In the entries below, count the lines that include the word "Used" and reply with the number alone.

Data supplied Block Start

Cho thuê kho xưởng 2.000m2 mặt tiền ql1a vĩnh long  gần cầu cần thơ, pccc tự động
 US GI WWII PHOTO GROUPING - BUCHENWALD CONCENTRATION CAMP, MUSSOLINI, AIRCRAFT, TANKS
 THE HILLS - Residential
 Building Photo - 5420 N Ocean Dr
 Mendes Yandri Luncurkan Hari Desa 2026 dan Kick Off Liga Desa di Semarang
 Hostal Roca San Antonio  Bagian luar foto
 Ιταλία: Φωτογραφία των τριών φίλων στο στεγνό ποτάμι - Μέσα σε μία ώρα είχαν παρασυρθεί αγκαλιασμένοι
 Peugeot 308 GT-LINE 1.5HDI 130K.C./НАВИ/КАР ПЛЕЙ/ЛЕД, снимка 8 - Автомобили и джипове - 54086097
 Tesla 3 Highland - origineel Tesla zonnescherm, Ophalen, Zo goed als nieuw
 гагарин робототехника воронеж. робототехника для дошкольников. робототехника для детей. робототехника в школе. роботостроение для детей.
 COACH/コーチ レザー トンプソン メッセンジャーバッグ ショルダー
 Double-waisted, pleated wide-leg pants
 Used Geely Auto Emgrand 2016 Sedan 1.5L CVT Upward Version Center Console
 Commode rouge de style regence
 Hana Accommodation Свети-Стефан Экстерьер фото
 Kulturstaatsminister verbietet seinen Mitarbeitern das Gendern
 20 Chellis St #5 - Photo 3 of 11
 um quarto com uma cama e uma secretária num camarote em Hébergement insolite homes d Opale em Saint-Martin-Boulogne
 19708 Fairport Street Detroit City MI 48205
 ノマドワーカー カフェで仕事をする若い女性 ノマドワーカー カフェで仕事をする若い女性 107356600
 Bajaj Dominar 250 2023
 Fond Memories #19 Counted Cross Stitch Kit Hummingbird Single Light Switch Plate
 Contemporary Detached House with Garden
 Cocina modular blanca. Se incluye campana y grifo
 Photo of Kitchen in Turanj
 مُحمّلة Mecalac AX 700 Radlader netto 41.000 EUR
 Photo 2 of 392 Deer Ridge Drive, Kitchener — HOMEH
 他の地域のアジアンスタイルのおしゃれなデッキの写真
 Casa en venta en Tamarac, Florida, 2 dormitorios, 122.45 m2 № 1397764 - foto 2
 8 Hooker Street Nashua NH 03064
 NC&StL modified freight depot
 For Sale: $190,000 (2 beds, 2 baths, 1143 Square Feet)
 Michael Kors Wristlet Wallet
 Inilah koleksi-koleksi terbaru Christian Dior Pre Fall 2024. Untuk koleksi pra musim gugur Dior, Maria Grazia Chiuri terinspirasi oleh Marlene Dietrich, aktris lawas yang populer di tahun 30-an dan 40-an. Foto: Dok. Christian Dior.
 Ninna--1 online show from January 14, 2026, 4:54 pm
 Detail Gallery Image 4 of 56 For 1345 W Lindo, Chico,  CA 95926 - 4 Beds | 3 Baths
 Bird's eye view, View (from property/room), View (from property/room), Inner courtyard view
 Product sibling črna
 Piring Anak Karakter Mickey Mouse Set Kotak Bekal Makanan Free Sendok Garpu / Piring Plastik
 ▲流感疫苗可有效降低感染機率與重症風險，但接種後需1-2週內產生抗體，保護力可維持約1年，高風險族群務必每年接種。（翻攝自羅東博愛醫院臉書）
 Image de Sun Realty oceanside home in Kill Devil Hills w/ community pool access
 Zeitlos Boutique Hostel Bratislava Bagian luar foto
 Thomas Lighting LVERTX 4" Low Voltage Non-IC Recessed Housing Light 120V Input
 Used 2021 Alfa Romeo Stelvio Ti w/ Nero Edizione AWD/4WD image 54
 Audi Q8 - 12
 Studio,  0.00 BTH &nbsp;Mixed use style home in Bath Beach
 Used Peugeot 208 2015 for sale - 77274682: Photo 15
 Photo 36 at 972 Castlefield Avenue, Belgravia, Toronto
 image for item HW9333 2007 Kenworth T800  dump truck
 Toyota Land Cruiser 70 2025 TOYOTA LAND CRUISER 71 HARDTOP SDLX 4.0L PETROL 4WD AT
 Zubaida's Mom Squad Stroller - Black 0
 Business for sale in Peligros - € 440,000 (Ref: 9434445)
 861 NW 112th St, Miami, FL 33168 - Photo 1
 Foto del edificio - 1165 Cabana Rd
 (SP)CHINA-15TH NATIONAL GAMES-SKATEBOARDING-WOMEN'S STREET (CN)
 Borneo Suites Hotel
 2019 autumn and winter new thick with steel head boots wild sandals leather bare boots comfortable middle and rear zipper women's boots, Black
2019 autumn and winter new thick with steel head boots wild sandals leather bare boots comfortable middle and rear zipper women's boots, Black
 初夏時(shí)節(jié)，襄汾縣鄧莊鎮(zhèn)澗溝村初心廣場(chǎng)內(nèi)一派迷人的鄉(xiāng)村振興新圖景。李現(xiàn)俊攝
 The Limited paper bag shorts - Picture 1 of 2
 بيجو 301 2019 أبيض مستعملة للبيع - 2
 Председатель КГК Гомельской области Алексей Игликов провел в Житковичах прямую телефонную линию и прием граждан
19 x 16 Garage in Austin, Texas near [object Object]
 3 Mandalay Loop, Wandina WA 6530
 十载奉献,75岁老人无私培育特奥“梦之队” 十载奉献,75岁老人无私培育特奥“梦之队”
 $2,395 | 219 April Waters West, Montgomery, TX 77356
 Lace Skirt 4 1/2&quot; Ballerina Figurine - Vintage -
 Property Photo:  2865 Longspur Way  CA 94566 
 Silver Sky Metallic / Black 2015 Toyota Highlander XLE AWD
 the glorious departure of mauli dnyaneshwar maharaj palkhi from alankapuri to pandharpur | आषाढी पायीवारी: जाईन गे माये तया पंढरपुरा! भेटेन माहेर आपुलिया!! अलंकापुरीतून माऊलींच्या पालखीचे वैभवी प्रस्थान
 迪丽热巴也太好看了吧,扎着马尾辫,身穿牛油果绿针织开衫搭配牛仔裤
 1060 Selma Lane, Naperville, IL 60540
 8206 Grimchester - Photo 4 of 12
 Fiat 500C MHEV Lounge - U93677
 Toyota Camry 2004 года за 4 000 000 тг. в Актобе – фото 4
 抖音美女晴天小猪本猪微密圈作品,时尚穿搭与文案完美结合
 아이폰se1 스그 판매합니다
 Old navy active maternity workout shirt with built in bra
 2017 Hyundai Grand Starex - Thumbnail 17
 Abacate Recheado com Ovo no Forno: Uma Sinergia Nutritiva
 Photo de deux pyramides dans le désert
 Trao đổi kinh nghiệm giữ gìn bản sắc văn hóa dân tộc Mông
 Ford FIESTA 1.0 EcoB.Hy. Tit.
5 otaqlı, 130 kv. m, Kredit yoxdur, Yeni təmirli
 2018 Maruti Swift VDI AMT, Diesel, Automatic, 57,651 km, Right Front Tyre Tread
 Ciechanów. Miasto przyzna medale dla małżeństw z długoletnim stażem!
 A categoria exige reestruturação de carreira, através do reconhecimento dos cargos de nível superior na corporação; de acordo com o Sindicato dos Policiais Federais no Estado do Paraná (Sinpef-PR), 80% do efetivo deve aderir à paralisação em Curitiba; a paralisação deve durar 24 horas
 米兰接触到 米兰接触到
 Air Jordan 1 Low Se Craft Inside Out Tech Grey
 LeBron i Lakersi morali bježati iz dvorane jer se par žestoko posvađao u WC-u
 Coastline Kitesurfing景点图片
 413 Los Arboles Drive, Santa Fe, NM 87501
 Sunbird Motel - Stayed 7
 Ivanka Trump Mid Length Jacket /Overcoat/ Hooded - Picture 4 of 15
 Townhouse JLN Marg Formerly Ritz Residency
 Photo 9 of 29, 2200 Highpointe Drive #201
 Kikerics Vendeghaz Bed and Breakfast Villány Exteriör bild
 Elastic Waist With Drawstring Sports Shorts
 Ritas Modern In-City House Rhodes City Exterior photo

Data supplied Block End

* _Result of this exercise_: 3